### YOUR GOAL
Exactly as they appear, copy the lines from the start of the entries below to the line containing "NIKE STORE - RUE DE PASSY", both ends included.

=====

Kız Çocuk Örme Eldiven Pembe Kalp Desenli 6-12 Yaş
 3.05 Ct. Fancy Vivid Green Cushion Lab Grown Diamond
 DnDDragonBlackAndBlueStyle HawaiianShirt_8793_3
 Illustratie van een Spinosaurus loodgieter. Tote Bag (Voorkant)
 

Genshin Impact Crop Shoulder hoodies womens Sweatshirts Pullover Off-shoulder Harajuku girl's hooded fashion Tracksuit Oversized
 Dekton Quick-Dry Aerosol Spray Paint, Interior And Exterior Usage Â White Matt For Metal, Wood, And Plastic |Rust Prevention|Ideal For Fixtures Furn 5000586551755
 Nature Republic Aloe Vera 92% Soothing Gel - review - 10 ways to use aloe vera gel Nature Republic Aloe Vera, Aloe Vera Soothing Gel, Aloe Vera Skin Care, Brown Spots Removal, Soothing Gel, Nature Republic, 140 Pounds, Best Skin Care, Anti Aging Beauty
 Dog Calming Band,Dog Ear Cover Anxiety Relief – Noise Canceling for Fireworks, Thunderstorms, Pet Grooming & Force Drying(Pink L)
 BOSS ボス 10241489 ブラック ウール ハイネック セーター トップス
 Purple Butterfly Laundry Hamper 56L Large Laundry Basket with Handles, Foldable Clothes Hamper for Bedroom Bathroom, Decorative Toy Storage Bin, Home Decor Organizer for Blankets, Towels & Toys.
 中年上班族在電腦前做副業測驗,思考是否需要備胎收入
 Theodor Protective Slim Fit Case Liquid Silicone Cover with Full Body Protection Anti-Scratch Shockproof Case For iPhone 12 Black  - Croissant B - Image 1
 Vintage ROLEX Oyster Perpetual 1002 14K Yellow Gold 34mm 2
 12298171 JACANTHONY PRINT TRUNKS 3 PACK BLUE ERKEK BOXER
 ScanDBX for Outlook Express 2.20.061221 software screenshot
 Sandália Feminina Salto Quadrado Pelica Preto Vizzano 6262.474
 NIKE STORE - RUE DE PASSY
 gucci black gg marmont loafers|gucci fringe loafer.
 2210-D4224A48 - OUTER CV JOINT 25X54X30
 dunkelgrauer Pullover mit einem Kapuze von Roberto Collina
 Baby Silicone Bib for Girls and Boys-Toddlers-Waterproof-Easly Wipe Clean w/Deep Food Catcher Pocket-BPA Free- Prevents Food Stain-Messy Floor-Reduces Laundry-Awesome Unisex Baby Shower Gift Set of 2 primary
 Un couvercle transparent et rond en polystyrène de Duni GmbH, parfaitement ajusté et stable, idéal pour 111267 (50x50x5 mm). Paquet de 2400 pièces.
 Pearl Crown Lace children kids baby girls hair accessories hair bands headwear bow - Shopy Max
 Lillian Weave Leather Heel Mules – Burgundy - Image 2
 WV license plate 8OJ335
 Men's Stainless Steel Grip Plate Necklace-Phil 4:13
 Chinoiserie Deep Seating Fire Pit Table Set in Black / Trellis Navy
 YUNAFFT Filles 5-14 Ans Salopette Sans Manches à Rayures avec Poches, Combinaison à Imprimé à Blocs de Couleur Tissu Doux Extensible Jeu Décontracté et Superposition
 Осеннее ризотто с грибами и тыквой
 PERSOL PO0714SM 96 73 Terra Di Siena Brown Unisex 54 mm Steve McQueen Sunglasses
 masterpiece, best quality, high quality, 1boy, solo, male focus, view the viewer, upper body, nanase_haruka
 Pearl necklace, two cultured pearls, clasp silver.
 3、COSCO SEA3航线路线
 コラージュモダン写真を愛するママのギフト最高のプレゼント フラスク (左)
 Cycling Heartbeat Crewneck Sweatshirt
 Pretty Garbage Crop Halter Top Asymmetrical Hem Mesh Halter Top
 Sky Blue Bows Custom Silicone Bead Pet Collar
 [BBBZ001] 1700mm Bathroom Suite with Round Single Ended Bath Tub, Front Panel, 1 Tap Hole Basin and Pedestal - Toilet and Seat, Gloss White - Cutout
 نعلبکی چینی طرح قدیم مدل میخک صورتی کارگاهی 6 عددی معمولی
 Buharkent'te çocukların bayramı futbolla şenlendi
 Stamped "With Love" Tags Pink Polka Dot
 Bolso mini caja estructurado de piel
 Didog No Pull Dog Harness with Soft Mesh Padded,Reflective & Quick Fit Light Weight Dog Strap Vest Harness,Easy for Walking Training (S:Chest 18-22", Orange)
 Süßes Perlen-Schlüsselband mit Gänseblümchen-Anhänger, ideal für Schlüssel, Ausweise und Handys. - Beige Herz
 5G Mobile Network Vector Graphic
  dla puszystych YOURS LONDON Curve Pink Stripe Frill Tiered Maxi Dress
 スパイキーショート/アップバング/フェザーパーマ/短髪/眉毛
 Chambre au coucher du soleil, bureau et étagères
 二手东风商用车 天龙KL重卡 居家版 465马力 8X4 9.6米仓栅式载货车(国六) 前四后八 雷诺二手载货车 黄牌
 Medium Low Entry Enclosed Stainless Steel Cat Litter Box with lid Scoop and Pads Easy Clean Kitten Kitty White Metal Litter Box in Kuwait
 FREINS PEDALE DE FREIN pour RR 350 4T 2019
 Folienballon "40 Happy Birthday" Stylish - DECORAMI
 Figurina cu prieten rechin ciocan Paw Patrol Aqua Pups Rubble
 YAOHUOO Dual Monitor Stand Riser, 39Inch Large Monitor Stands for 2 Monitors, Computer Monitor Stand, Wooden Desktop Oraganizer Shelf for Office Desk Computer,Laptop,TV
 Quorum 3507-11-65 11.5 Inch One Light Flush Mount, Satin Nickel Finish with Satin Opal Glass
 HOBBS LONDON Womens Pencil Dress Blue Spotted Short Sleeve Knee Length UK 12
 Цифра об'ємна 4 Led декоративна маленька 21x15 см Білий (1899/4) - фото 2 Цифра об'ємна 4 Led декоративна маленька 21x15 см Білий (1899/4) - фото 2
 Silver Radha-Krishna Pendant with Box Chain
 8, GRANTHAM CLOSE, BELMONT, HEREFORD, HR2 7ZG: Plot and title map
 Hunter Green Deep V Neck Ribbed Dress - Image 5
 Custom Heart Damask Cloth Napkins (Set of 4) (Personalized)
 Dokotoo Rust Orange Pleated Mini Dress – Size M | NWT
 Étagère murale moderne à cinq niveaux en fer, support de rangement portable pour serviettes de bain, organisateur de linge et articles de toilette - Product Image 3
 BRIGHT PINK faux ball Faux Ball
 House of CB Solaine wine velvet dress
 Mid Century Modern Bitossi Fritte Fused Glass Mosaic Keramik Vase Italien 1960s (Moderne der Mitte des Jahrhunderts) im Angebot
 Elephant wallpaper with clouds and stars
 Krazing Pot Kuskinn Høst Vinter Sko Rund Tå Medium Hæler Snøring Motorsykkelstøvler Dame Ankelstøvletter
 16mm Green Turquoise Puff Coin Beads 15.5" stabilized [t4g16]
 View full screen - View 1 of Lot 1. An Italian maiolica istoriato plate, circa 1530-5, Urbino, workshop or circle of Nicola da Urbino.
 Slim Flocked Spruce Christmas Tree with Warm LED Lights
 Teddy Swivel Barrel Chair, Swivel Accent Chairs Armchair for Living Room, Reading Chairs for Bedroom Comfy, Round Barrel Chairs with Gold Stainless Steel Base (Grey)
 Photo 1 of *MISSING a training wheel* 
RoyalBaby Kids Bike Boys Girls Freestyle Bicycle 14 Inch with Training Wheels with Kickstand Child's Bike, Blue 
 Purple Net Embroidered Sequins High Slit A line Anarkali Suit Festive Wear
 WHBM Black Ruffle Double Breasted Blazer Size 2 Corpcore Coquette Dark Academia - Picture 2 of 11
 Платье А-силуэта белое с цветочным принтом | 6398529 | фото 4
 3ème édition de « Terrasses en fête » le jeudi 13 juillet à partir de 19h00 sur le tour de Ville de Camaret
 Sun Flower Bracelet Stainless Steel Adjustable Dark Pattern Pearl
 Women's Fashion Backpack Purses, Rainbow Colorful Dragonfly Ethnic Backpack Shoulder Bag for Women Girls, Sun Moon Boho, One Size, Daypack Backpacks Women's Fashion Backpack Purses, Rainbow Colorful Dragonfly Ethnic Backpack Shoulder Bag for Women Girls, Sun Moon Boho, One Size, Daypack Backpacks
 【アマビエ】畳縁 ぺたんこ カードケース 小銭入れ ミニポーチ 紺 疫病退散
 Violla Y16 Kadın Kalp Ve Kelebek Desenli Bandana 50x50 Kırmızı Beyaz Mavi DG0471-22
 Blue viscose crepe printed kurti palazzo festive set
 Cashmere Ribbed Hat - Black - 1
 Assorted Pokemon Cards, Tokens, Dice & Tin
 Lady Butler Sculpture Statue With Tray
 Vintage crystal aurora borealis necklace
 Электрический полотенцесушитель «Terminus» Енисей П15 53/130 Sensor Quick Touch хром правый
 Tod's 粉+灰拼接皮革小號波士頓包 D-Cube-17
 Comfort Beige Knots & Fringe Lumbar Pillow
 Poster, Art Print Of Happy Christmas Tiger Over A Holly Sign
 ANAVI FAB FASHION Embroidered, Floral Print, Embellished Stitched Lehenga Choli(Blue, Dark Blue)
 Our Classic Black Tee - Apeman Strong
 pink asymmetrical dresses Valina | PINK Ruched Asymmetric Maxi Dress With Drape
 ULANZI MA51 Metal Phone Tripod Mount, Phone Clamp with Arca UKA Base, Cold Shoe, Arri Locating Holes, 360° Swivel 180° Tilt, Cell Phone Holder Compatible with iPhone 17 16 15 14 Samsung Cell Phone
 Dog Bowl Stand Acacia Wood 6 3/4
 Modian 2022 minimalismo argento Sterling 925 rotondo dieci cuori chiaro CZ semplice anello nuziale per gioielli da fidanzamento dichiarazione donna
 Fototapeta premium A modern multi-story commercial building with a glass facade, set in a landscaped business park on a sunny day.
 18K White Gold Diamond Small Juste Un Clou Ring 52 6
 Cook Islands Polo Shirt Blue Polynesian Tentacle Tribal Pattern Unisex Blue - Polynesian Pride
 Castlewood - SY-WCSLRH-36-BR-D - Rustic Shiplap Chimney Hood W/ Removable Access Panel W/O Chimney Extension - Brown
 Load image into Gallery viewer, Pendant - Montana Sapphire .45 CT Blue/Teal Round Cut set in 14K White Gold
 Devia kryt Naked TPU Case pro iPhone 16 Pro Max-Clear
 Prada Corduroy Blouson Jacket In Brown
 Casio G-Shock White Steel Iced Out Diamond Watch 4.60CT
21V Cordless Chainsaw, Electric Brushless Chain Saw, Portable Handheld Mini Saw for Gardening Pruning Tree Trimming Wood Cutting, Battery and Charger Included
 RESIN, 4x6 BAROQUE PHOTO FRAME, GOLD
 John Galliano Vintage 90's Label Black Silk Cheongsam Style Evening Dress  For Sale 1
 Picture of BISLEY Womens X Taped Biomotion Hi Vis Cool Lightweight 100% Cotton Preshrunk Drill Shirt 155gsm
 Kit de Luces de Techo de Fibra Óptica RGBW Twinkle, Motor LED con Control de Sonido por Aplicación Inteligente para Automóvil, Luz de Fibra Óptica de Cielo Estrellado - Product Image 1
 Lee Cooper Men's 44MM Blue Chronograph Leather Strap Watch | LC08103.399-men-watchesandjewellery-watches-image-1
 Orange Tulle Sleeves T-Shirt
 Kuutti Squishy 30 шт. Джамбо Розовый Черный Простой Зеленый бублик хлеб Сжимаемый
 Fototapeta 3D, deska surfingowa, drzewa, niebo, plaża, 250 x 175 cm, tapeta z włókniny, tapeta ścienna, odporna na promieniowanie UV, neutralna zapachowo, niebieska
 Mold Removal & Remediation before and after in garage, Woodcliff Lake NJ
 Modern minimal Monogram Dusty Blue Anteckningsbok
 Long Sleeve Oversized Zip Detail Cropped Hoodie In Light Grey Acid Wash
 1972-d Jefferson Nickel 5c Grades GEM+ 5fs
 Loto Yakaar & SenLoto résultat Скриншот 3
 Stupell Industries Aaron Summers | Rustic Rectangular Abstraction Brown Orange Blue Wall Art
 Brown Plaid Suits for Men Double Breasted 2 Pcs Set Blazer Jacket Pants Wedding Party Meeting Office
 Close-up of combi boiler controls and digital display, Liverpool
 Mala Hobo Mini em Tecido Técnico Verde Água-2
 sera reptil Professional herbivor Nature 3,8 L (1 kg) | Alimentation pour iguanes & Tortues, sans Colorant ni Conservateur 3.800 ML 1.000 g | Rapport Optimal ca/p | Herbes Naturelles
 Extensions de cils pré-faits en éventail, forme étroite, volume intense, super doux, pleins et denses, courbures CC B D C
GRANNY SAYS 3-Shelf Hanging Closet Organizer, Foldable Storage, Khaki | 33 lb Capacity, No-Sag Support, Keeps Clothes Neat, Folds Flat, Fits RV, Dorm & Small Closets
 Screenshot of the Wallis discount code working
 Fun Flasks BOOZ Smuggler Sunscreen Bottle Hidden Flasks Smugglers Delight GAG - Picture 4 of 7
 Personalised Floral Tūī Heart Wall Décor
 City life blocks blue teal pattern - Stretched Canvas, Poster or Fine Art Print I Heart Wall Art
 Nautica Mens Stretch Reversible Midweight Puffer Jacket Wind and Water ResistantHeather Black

=====

### REPLY
Kız Çocuk Örme Eldiven Pembe Kalp Desenli 6-12 Yaş
 3.05 Ct. Fancy Vivid Green Cushion Lab Grown Diamond
 DnDDragonBlackAndBlueStyle HawaiianShirt_8793_3
 Illustratie van een Spinosaurus loodgieter. Tote Bag (Voorkant)
 

Genshin Impact Crop Shoulder hoodies womens Sweatshirts Pullover Off-shoulder Harajuku girl's hooded fashion Tracksuit Oversized
 Dekton Quick-Dry Aerosol Spray Paint, Interior And Exterior Usage Â White Matt For Metal, Wood, And Plastic |Rust Prevention|Ideal For Fixtures Furn 5000586551755
 Nature Republic Aloe Vera 92% Soothing Gel - review - 10 ways to use aloe vera gel Nature Republic Aloe Vera, Aloe Vera Soothing Gel, Aloe Vera Skin Care, Brown Spots Removal, Soothing Gel, Nature Republic, 140 Pounds, Best Skin Care, Anti Aging Beauty
 Dog Calming Band,Dog Ear Cover Anxiety Relief – Noise Canceling for Fireworks, Thunderstorms, Pet Grooming & Force Drying(Pink L)
 BOSS ボス 10241489 ブラック ウール ハイネック セーター トップス
 Purple Butterfly Laundry Hamper 56L Large Laundry Basket with Handles, Foldable Clothes Hamper for Bedroom Bathroom, Decorative Toy Storage Bin, Home Decor Organizer for Blankets, Towels & Toys.
 中年上班族在電腦前做副業測驗,思考是否需要備胎收入
 Theodor Protective Slim Fit Case Liquid Silicone Cover with Full Body Protection Anti-Scratch Shockproof Case For iPhone 12 Black  - Croissant B - Image 1
 Vintage ROLEX Oyster Perpetual 1002 14K Yellow Gold 34mm 2
 12298171 JACANTHONY PRINT TRUNKS 3 PACK BLUE ERKEK BOXER
 ScanDBX for Outlook Express 2.20.061221 software screenshot
 Sandália Feminina Salto Quadrado Pelica Preto Vizzano 6262.474
 NIKE STORE - RUE DE PASSY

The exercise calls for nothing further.